Lessons
A lesson is one idea inside a module. It is where drills come from and where mastery is tracked.
What you actually build
When you sit down to build training in HeyLoopy, you are mostly building lessons. A lesson is one focused idea from inside a module : one rule, one step, one regulatory citation, one product fact your team needs to know cold.
The lesson is also where mastery is tracked. When your team consistently nails the drills tied to a lesson, that lesson is mastered. Mastery rolls up to the module so you can see, at a glance, which parts of the SOP have landed and which still need work.
What a lesson contains
Most lessons have three parts:
- Source material. The passage, paragraph, or procedure straight from the underlying document. This is what the drills are built from and what members see when they tap “show me where this comes from.”
- Drills. Short retrieval-style questions HeyLoopy drafts from the source, then you review. Each drill asks for one specific recall, not a paragraph-long essay.
- Reference material. Optional supporting context: a diagram, a checklist, a link back to the source-of-truth document.
How to size a lesson
A lesson should be small enough that a member can hold the whole idea in their head while answering a drill about it.
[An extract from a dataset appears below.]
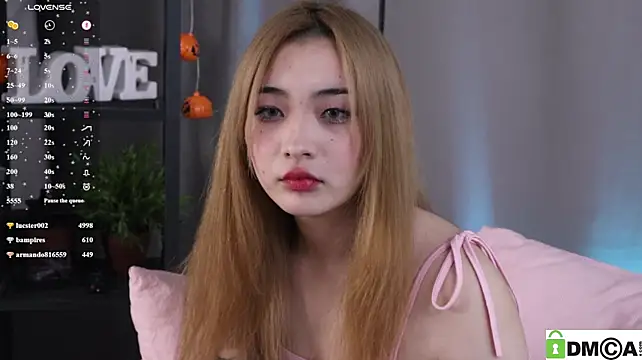 Sembang XXX Secara Langsung Noiry_Vuvez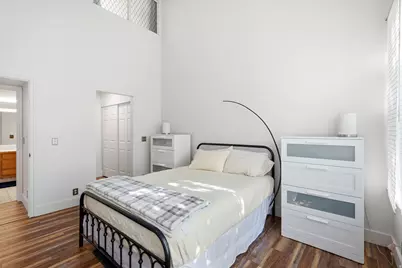 650 S Main St #6306, Bountiful, UT 84010 - Photo 17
The fastest test: try to describe the lesson out loud in one sentence without using the word “and.” If you cannot, it is probably two lessons.
Single-purpose lessons are also the reason your mastery numbers stay meaningful. A lesson that is secretly two ideas glued together produces inconsistent drill performance, and the mastery score for it stops telling you anything useful.
What you do not have to manage
You do not write every drill from scratch. HeyLoopy drafts the first pass from the source you uploaded; you edit, reject, and approve. You do not schedule when drills appear: that is the spacing engine’s job. You do not pick which members see which drill when: the Daily Loop handles that.
Your job is to make sure the lesson is one clean idea and that the drills, after your review, ask the right thing.